I smile bitterly. “I remember, I remember the house where I was born, the little windows where the sun came peeping in the morn.”

The other two are stirring, restless and curious at the reason for our delay. Abalone beckons them forward and explains.

“Shouldn’t we let Sarah lead?” Midline suggests. “She may remember something else, an’ the owl can scout for her.”

Abalone agrees, promising to be as close as my shadow, and now I lead the way across the park. The well-tended lawn springs beneath my soft-soled shoes and the night wind whispers through the new leaves on the trees. From the bag slung across my shoulder like a bandolier, I can hear Betwixt and Between muttering to each other, but I do not shift my focus to listen.

Ahead is the building and my memory fills in details that the darkness does not reveal. It is stone, rough and red, grainy to the touch, though not crumbly like sandstone.

The lower floor will not interest us. It is mostly offices and entertainment areas: a ballroom, a conference center, a lounge. The second floor is labs and test areas, some recreational facilities, but these are for the patients, not for the guests: treadmills to measure heart and respiration, rooms with walls of one-way glass, an Olympic swimming pool.

The third floor is our goal. Rooms for the resident patients. Dylan. Me. A kitchen and dining area. A playroom. Somehow it does not occur to me to wonder if this will have changed with the passing years. Maybe the place itself tells me. Change of that sort is not important to its purpose.

Purpose.

Something touches a buried memory, but eludes me like the moth Athena futilely snaps at as she soars just ahead of us. Then we have arrived in the building’s shadow and the others are waiting for me to tell them what to do.

The building’s flat roof makes an entry directly into the third floor seem possible, especially if we target one of the empty rooms. Holding a finger to my lips, I motion for the others to take cover behind some azaleas thickly covered with red flowers that smell faintly sour. Then I send Athena to look in each window, charging her to remember what was within each.

After a few moments, she returns. Her report does not take the form of anything as simple as words, but I manage to learn that most of the rooms are empty of all but dust and darkness. One or two show signs of human inhabitants, but none of these are a man with white hair and pale green eyes. More than this is beyond my limited ability to understand.
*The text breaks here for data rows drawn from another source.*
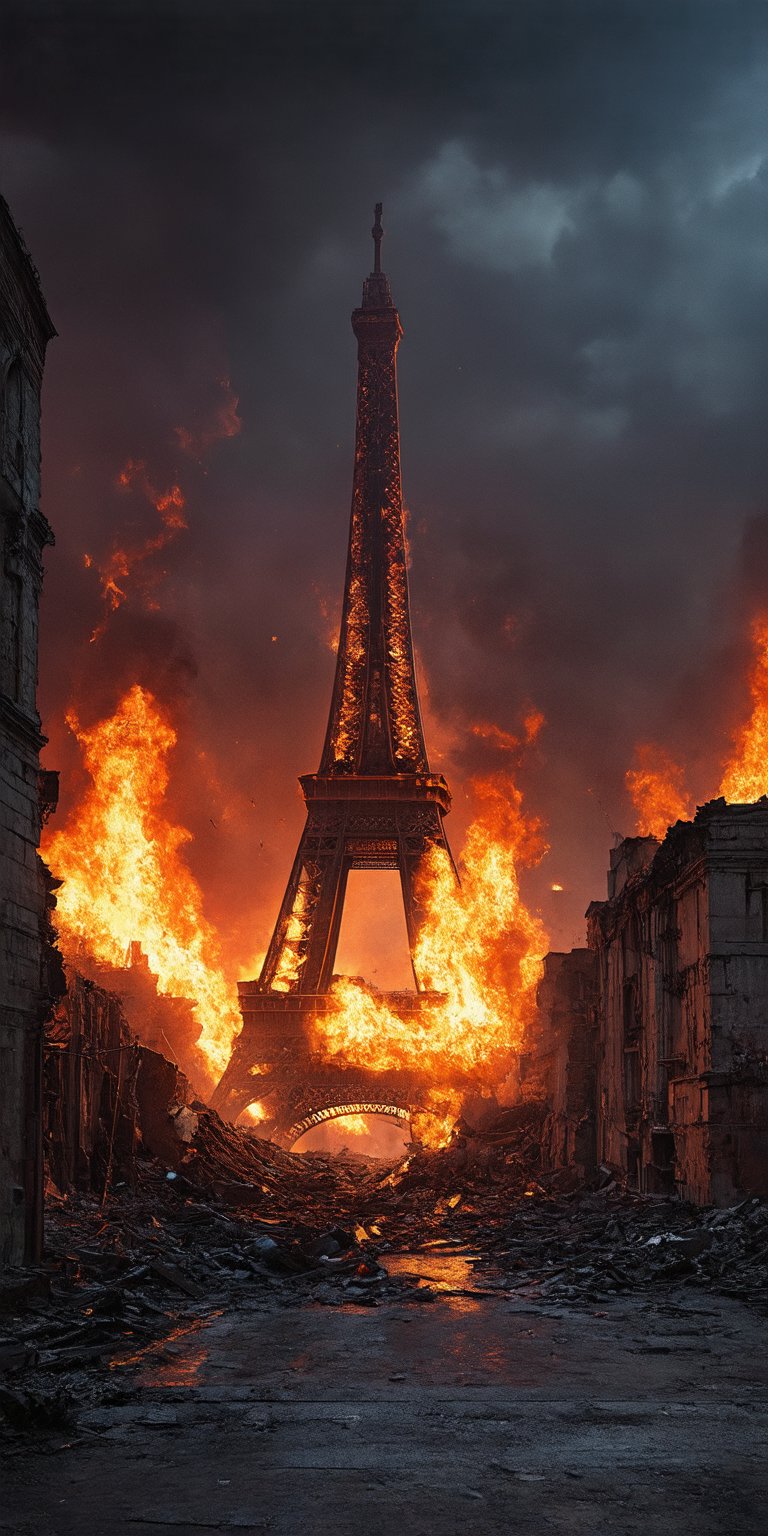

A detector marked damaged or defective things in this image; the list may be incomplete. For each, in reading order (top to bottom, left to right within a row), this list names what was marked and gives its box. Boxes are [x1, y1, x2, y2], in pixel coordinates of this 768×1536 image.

damaged facade [0, 198, 56, 1265]
damaged facade [589, 798, 768, 1204] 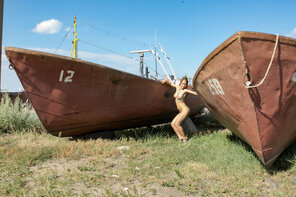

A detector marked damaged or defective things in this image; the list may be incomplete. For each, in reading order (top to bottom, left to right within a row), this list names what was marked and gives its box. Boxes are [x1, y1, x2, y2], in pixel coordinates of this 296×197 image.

rust streak on hull [5, 47, 204, 137]
rusty boat hull [5, 47, 204, 138]
rusty boat hull [193, 31, 294, 166]
rust streak on hull [193, 31, 296, 167] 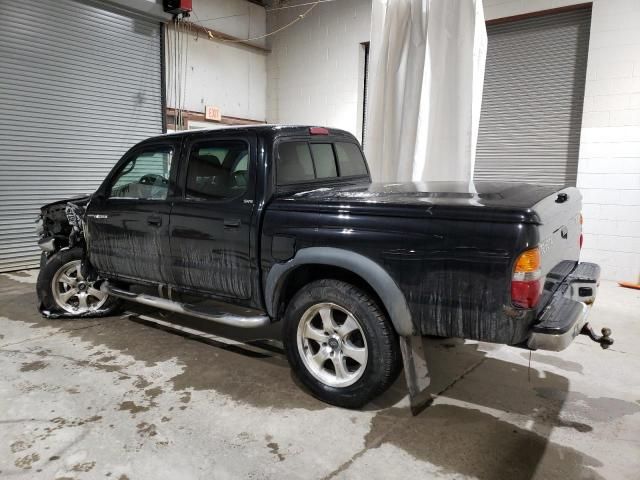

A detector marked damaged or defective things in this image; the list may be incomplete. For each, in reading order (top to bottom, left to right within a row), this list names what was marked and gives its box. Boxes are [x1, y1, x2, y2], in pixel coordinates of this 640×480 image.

exposed front wheel [37, 248, 122, 318]
exposed front wheel [284, 278, 400, 408]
I reassure myself that both the second-and third-story windows above us are dark and the rooms untenanted before I turn to the others, who are waiting with nervous tension.
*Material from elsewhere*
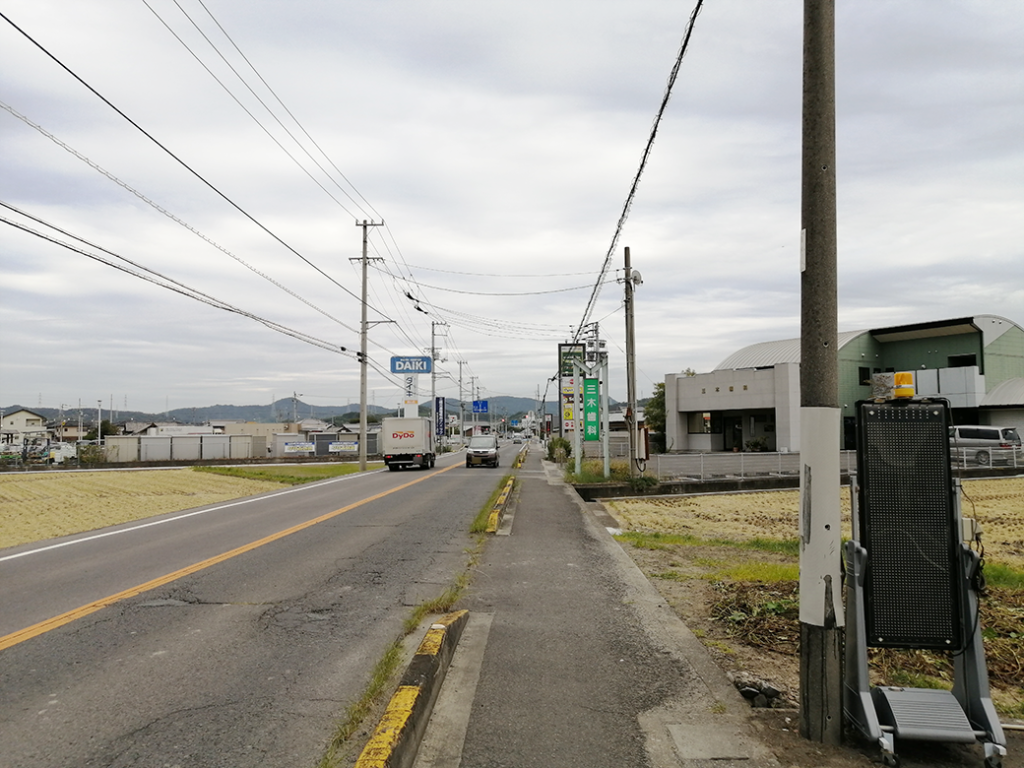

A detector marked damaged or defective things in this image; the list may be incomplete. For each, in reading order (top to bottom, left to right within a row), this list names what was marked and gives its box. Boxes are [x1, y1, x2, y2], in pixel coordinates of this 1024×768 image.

road patch repair [483, 481, 516, 536]
road patch repair [354, 614, 468, 768]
I gesture upward, motioning as if swinging a grapple.

Professor Isabella looks sharply at me. “You think we should climb up?”

I nod and Midline purses his lips, surveying the height involved.

“We can do that,” he says, pulling gear from his belt.

“Okay,” Abalone whispers. “Anchor a line to the roof and I’ll go first. I want to check if the upper windows are wired. The lower ones are.”

Midline steps just outside of the azaleas’ shelter and I fight the impulse to huddle small. If anyone sees him, we are all in equal danger. But the night remains quiet and the stretch of park is uninterrupted by guards or other hazards.

A nearly inaudible clunk announces that the grapple has found purchase and Abalone climbs upward with the primate grace of one of the Free People. She stops outside of the third-story window and wrestles out her tappety-tap.

Something troubles her. She hangs there, studying a reading. Then from a pouch at her waist she removes tiny tools, visible only as points of light in the shadows. After working for a moment, she presses up against the window frame.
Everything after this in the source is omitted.